A la suite d’un long travail de révision, le 3 mars 2022, le comité de bassin Loire-Bretagne a adopté le nouveau SDAGE pour les années 2022 à 2027. Il a été approuvé par l’arrêté de la préfète coordonnatrice de bassin le 18 mars 2022. Lors de la consultation officielle en 2021, les chambres d’agriculture avaient émis des avis défavorables et demandé plusieurs modifications. Mais le texte avait évolué plutôt de manière défavorable pour l’agriculture. Les FRSEA et certaines FDSEA du bassin Loire-Bretagne et la coopération agricole ont donc décidé d’engager un recours gracieux. Il prend la forme d’un courrier très argumenté, envoyé début juin à la préfète de bassin par un avocat, pour lui demander plusieurs modifications du document en raison de vices de forme et de fond. Il témoigne surtout de la non prise en compte des intérêts agricoles et d’un fort entêtement de l’administration, comme le résume Nicolas Bonnefous, agriculteur dans l’Allier, qui siège au comité de bassin : « On a été très peu entendu pendant l’élaboration du Sdage.

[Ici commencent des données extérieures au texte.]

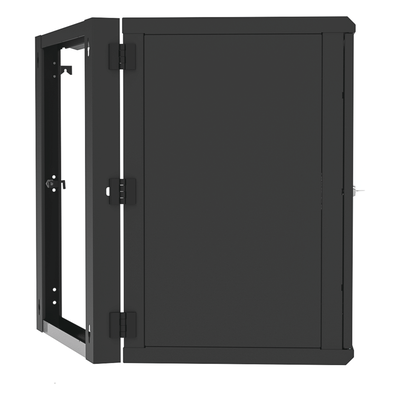 Gabinete Abatible de Pared (Con Marco Trasero) con Rack 19" de 16 Unidades. Ventana de Cristal Templado. - Imagen 5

Il y un certain nombre de dispositions que l’on conteste car on estime que certaines sont illégales. La communication a été compliquée avec l’administration. Gestion quantitative de la ressource, zones humides, réaménagement des cours d’eau dans le bassin versant… toutes les dispositions ont été prises pour entraver l’activité agricole ».
Des vices de procédure et erreurs d’appréciation
Un ensemble d’arguments porte sur des modifications substantielles qui ont été apportées après la consultation du public. Or les modifications ayant lieu après la consultation devraient être limitées dans leur ampleur. Par exemple : il a été ajouté une incitation à la protection des éléments d’intérêt paysager, et une nouvelle notion « d’espaces périphériques » aux zones humides devant être préservés. Une valeur guide de 18 mg/L de concentration en nitrates dans chaque masse d’eau douce superficielle a également été ajoutée, qui ne s’appuie sur aucun élément juridique. Ces différents points sont contestés par la profession. Autre point important : une disposition prévoit que le préfet détermine les pesticides dont il restreint ou interdit l’utilisation par arrêté, ce qui correspond à une violation directe de la loi en donnant au préfet une compétence qu’il ne devrait pas avoir (Code rural).
Le recours suit son cours
Concernant la gestion quantitative, le SDAGE prévoit des analyses HMUC (Hydrologie, Milieu, Usage, Climat) comme fondement des décisions prises par les SAGE, ce qui ne respecte pas les procédures prévues par le code de l’environnement suite à la parution du décret du 23 juin 2021. Ces études étant longues et coûteuses, cela risque notamment de freiner la détermination des volumes prélevables. La période de « basses eaux » est définie par le SDAGE du 1er avril au 31 octobre de manière fixe, quel que soit le contexte de l’année, alors que d’après le code de l’environnement elle devrait pouvoir être adaptée localement. De la même manière, la période de remplissage des réserves est déterminée par le SDAGE, en contradiction avec les conclusions du Varenne agricole de l’eau. « Dans un courrier de plus de 40 pages argumentées par un avocat, nous avons demandé la suppression ou la modification de toutes les dispositions que nous considérons illégales ou incohérentes. La préfète a deux mois pour répondre à ce recours gracieux. S’il ne donne pas de résultats satisfaisants, avec l’ensemble des organismes qui portent ce recours, nous pourrions décider d’engager un recours contentieux devant le tribunal administratif », conclu Nicolas Bonnefous.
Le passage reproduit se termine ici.